Although the Manni's adoption, and subsequent training and relations to her other dog Seele (which is also German, meaning "Soul"), were an adventure in themselves, the real adventure came when some unscrupulous man tried to steal her dog, and the dog that Maria and Pedro had adopted as well. The man tried to call the dogs to him from his car while they were playing outside, unattended at the time. But what the man didn't know is that the dogs didn't understand commands in English. Maria and Pedro's dog was trained in Spanish, as was Clara's, since the two would dog-sit for each other when necessary. When Clara came out to confront the man, he immediately shut his car door and drove away. She relayed that to Maria, who was concerned for her new pet, and then told George (the mailman) who warned the entire neighborhood and then some, because he told everyone on his route. There were no more stories of a man trying to dognap someone's loved one.
But this neighborhood existed only in her imagination. And she knew it was very unlikely to happen, so she didn't get her hopes up. She didn't even know if she would move to that area of California, or if she would only see it on trips from other parts of the state. That's if she ended up in California at all. That's the thing about Fate, one couldn't plan events like that, which is unfortunate. But if Fate thought it knew better, then who could argue. One could not know better than Fate, other than God.

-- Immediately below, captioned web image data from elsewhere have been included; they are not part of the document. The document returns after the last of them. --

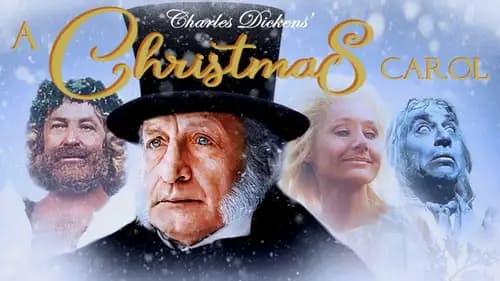 A Christmas Carol (1984)
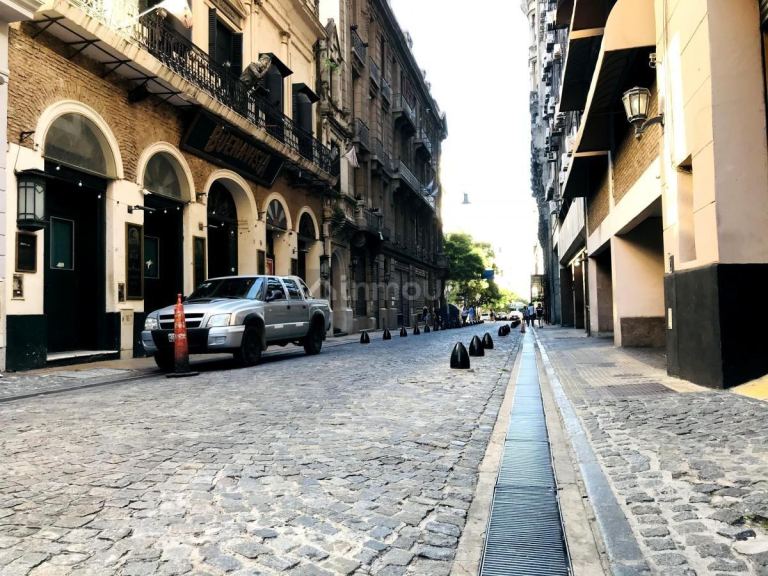 Departamento en Venta en San Telmo, Capital Federal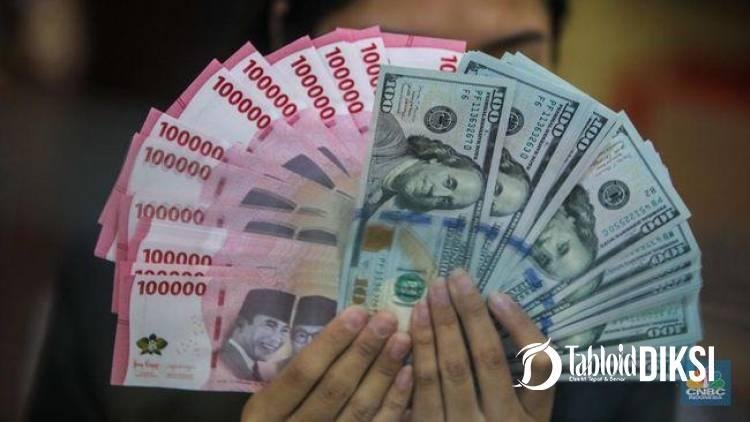 Defisit Transaksi Berjalan Indonesia Tembus US$12,5 Miliar, Rupiah Dibayangi Risiko Melemah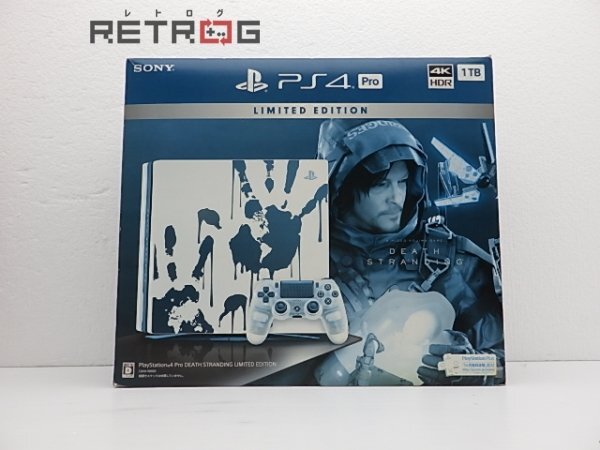Yahoo!オークション -「ps4 death stranding」(PS4本体 Yahoo!オークション -「ps4 death stranding」(PS4本体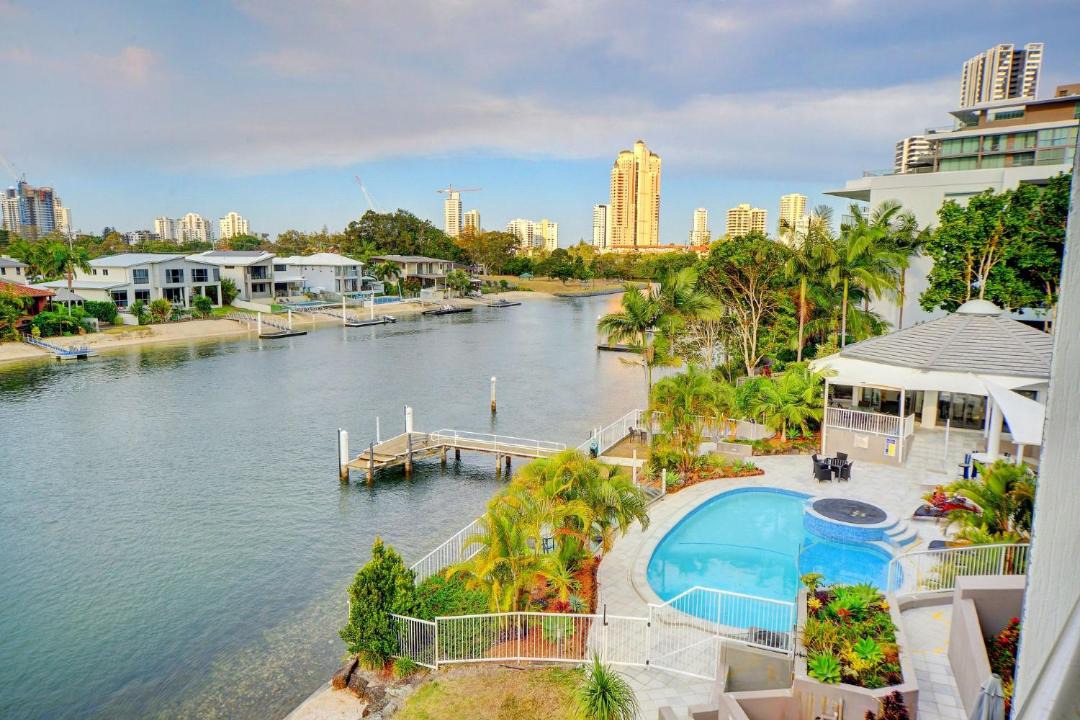 Photo of Outdoor in Broadbeach Waters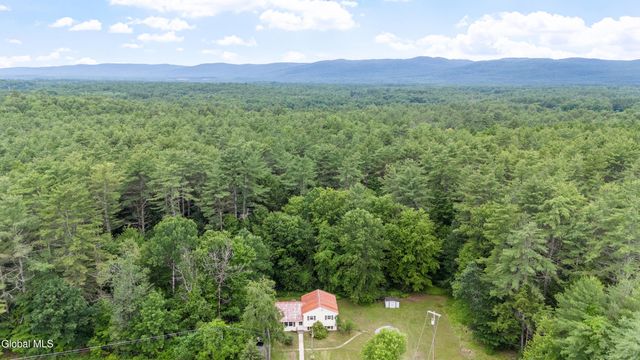 24 Hack Road, Corinth, NY 12822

But it all depends on one's beliefs. Since Clara did not believe in God (in the Catholic/Christian sense, anyway), she believed in Fate instead. And that was much better than not believing in anything at all.
There could be more written about Clara, since she isn't dead and she's old enough to have more stories than what has already been shared. So, there may be more about Clara in the future, although it is doubtful. Everyone has a story to tell, adventures to share and ideas to relate, Clara is but one of billions. Let's move on to the next story.